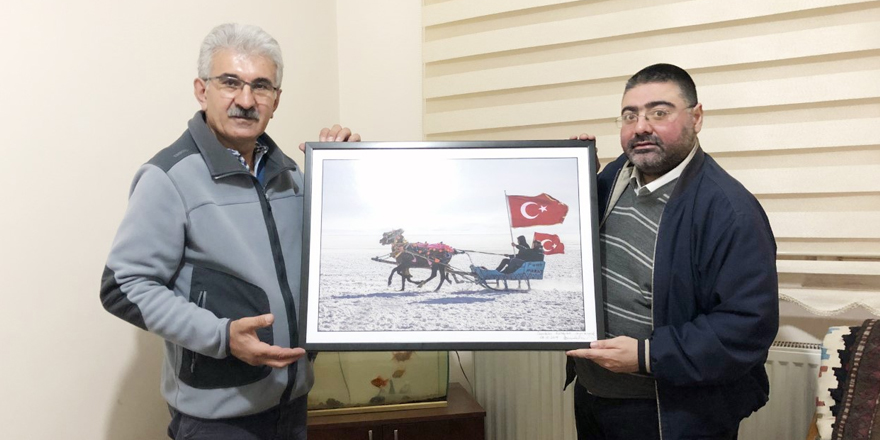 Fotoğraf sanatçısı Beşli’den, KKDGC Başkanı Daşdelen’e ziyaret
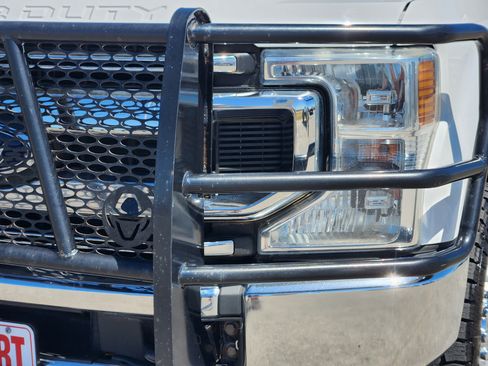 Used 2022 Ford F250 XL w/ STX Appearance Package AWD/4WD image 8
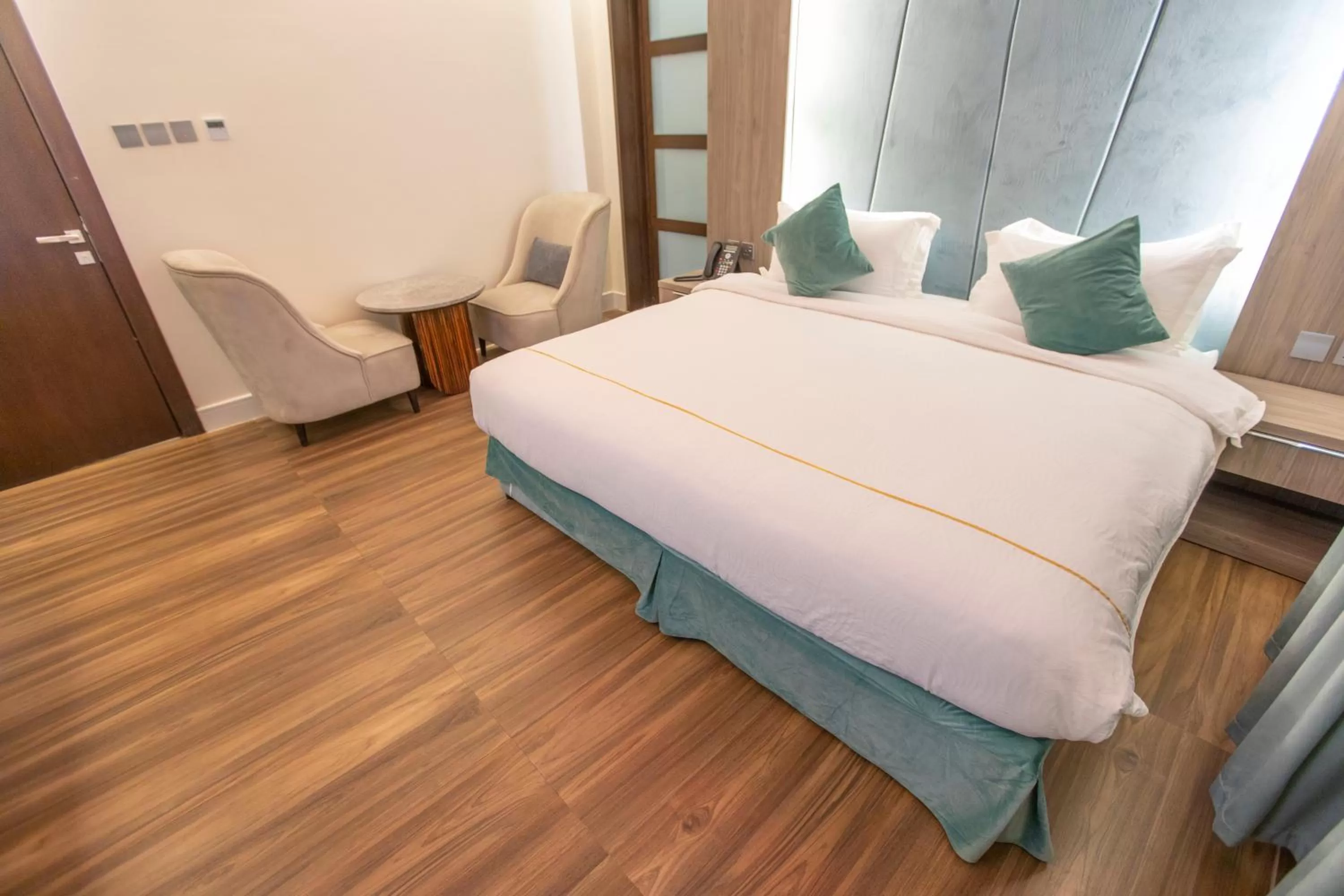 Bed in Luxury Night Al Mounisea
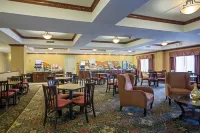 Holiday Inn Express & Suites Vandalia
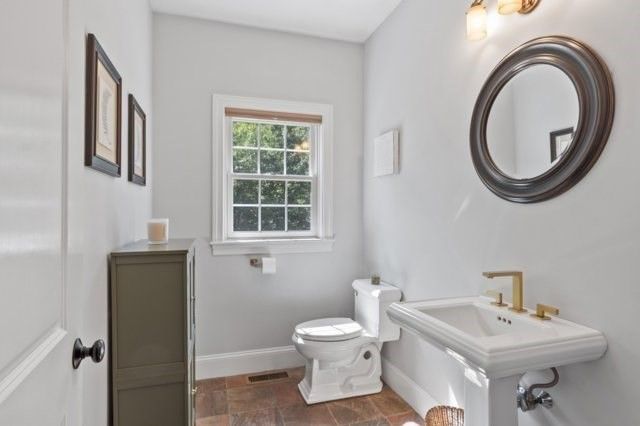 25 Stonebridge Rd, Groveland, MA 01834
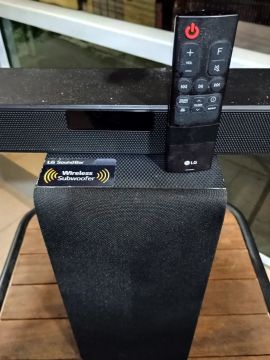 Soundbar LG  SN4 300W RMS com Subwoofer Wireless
---
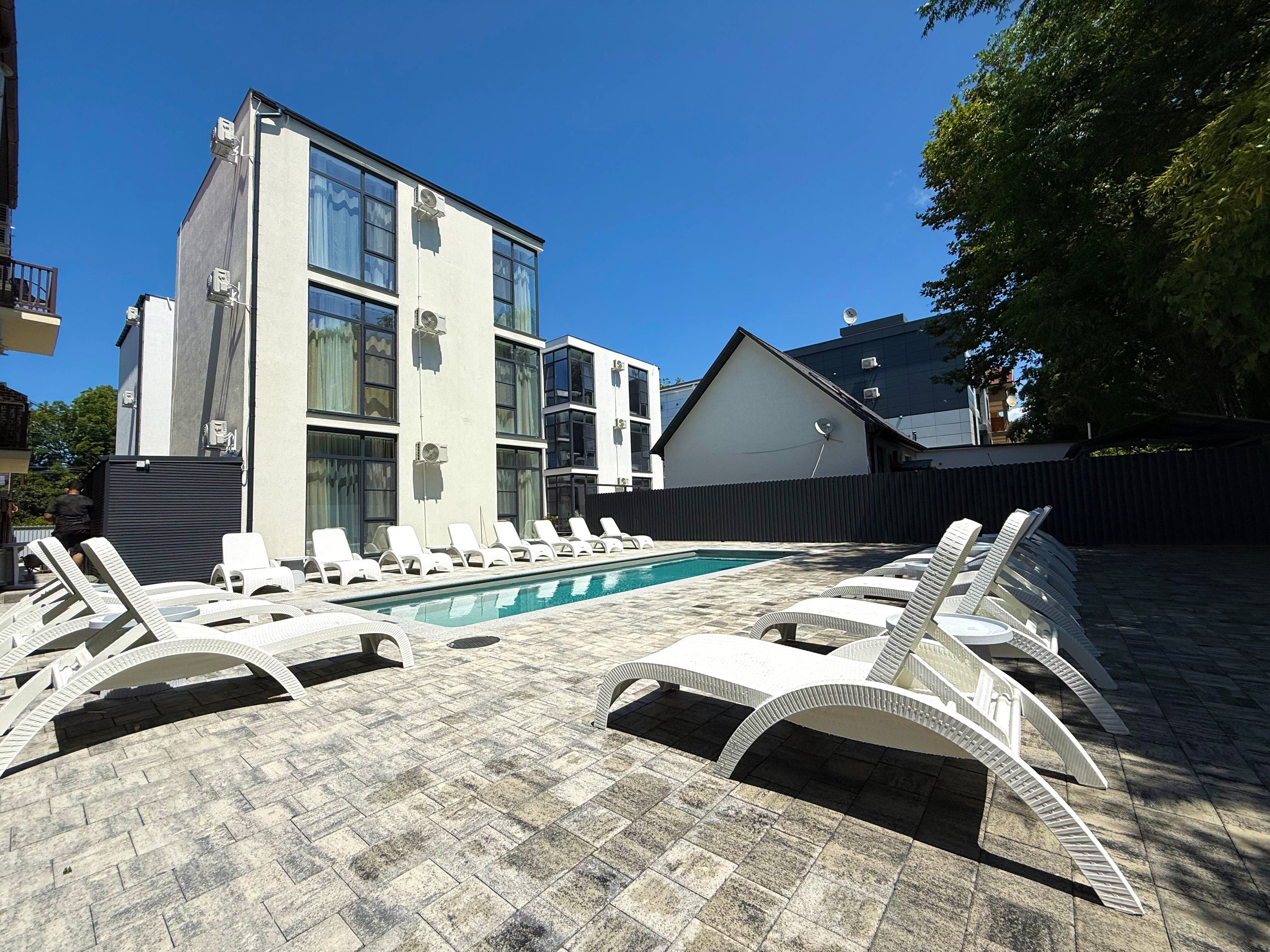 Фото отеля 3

• **DIRECTIONS FOR THIS TASK**
Although the records above contain pictures, the copy must not; set down exactly the lines from the one with "Bed in Luxury Night Al Mounisea" up to and including the one with "com Subwoofer Wireless".

• **ANSWER**
 Bed in Luxury Night Al Mounisea
 Holiday Inn Express & Suites Vandalia
 25 Stonebridge Rd, Groveland, MA 01834
 Soundbar LG  SN4 300W RMS com Subwoofer Wireless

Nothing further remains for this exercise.